# Task objective
The records below are to be returned word for word, with pictures left out.

# Records for this task
- - -

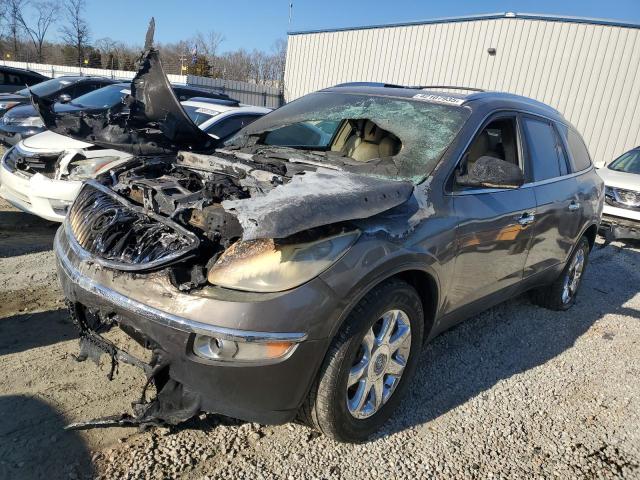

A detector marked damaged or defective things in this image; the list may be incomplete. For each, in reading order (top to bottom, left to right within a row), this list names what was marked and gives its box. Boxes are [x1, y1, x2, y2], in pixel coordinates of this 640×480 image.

charred hood [31, 49, 215, 155]
shattered windshield [226, 92, 470, 182]
burned engine bay [70, 150, 416, 292]
fire-damaged suv [48, 49, 600, 442]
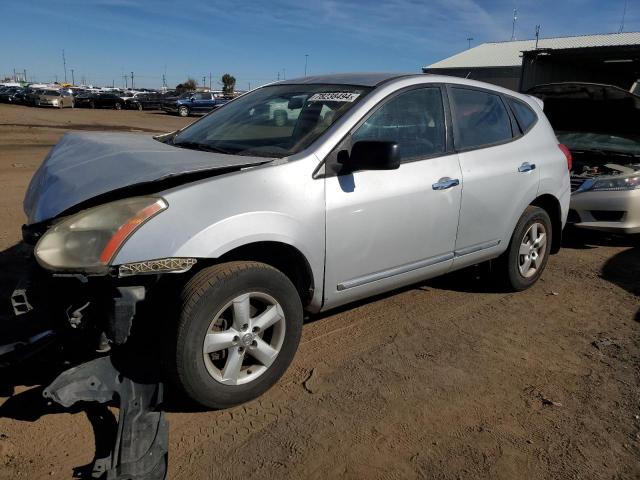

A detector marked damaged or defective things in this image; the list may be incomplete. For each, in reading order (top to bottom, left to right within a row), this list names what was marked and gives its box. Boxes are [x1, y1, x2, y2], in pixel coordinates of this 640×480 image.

exposed headlight assembly [588, 175, 636, 192]
exposed headlight assembly [35, 197, 168, 274]
detached bumper piece [42, 356, 168, 480]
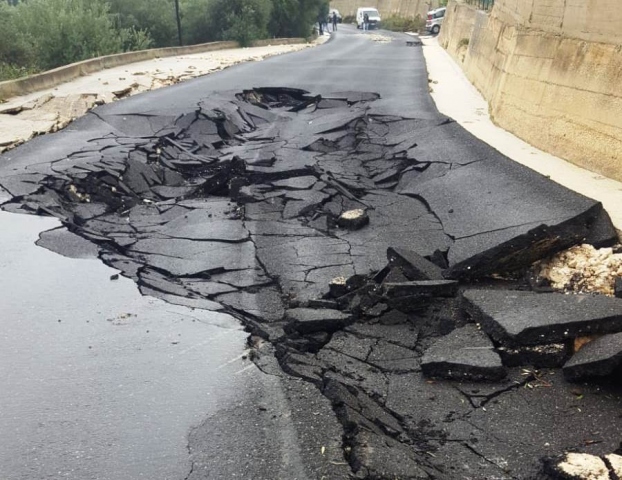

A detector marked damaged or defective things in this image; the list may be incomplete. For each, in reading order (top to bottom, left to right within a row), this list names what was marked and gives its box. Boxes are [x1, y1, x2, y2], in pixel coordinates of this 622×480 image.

- - -

# Result of the exercise
A detector marked damaged or defective things in this image; the list may be incomplete. For each, in reading order (top to bottom, left to right within a row), this list names what was marked and gives its box. Boxes are [x1, y1, x2, y2], in pixel coordinates of this 640×480 image.

charred hood [31, 49, 215, 155]
shattered windshield [226, 92, 470, 182]
burned engine bay [70, 150, 416, 292]
fire-damaged suv [48, 49, 600, 442]

A detector marked damaged or defective things in this image; the list may be incomplete. For each, in reading order (top to bottom, left to right within a row), this list names what was marked and gives its box. Boxes are [x1, y1, x2, y2], in pixel coordinates of this 640×480 image.

exposed headlight assembly [588, 175, 636, 192]
exposed headlight assembly [35, 197, 168, 274]
detached bumper piece [42, 356, 168, 480]

A detector marked damaged or defective things in this image; the list may be incomplete. For each, in reading order (top to bottom, left to right within a row), this list names what was marked and gives its box. Boxes are [x1, y1, x2, y2], in pixel coordinates of this 622×480 image.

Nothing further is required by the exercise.